## [About this exercise]
Your answer should consist only of the lines below from the one with "2-к кв. Санкт-Петербург" through the one with "- Quarter Collection", copied exactly.
++++ Data to use
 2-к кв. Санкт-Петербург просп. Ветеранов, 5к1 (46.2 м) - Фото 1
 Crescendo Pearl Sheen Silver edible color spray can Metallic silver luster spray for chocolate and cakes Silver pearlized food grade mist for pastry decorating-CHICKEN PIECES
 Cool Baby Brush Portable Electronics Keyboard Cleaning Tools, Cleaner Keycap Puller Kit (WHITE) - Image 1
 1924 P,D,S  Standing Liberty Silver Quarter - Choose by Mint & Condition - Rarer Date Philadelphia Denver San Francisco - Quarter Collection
++++++++
++++ Data to use
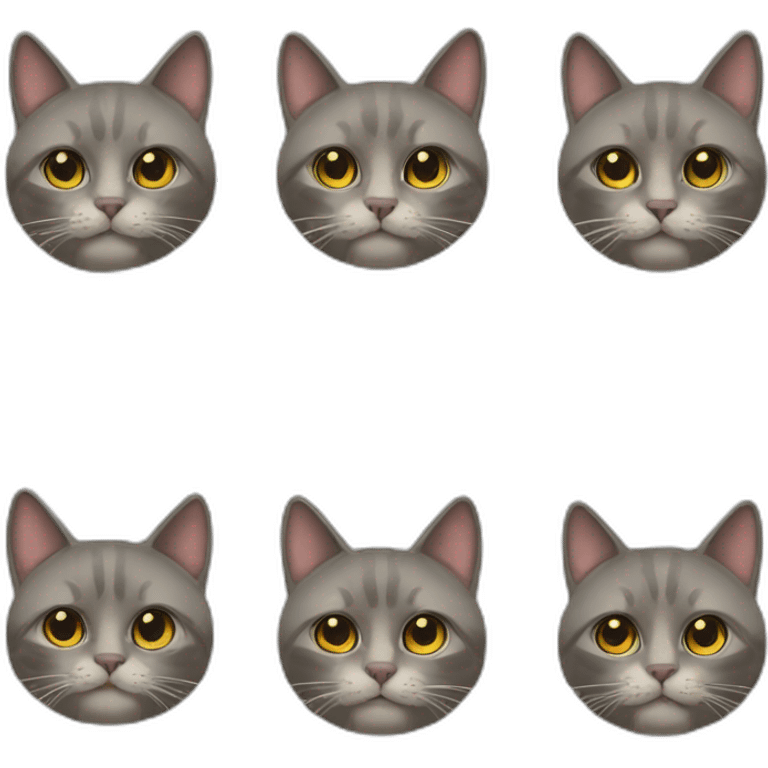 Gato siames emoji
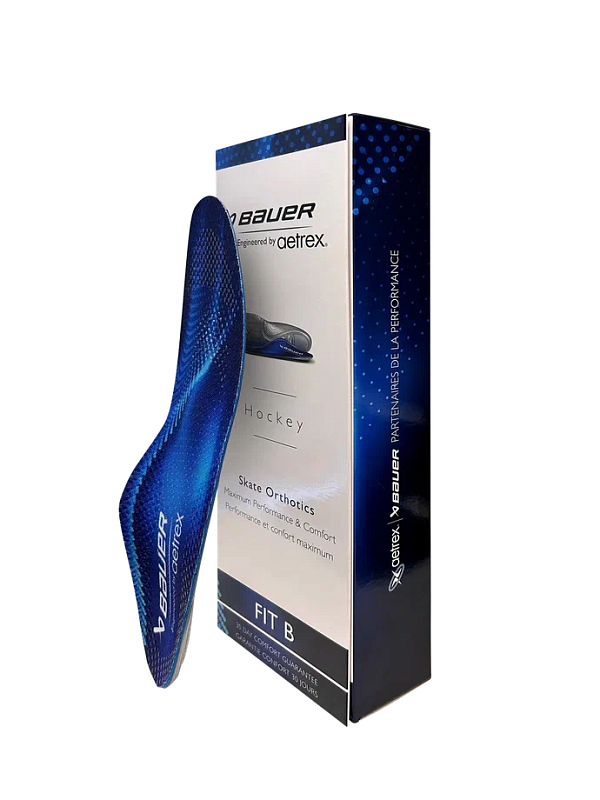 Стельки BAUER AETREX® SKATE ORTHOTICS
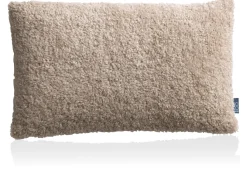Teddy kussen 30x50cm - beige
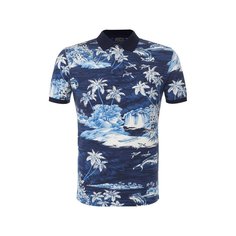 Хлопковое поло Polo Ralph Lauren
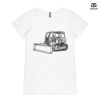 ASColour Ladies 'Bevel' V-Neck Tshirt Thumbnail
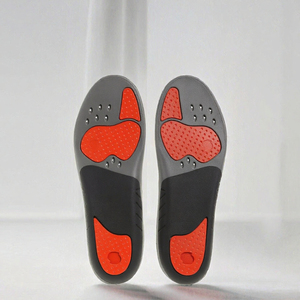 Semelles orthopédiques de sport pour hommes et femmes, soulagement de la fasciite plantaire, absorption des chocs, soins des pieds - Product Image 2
++++++++
++++ Data to use
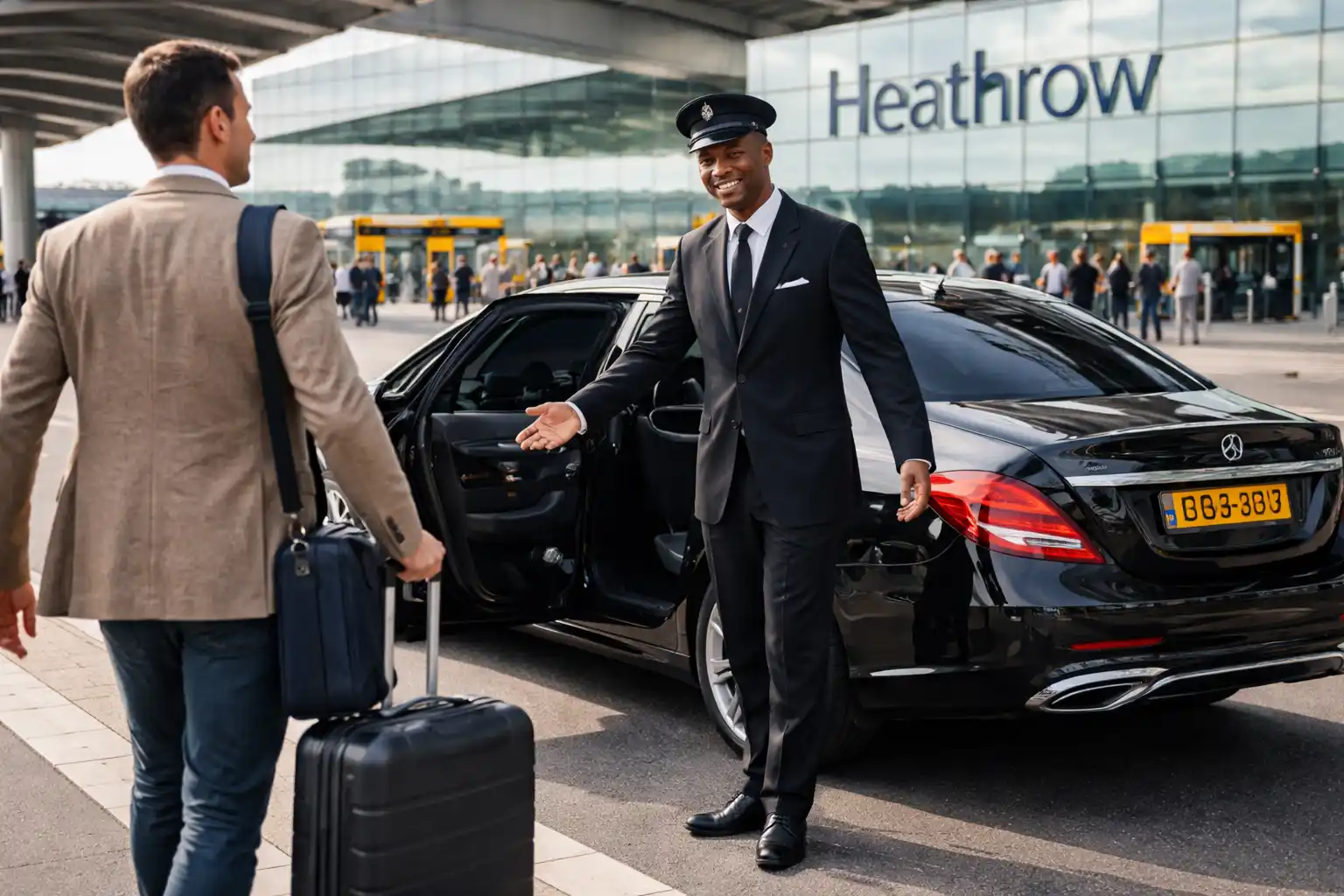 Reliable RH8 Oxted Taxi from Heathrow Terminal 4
++++++++
## [Output of the task]
 2-к кв. Санкт-Петербург просп. Ветеранов, 5к1 (46.2 м) - Фото 1
 Crescendo Pearl Sheen Silver edible color spray can Metallic silver luster spray for chocolate and cakes Silver pearlized food grade mist for pastry decorating-CHICKEN PIECES
 Cool Baby Brush Portable Electronics Keyboard Cleaning Tools, Cleaner Keycap Puller Kit (WHITE) - Image 1
 1924 P,D,S  Standing Liberty Silver Quarter - Choose by Mint & Condition - Rarer Date Philadelphia Denver San Francisco - Quarter Collection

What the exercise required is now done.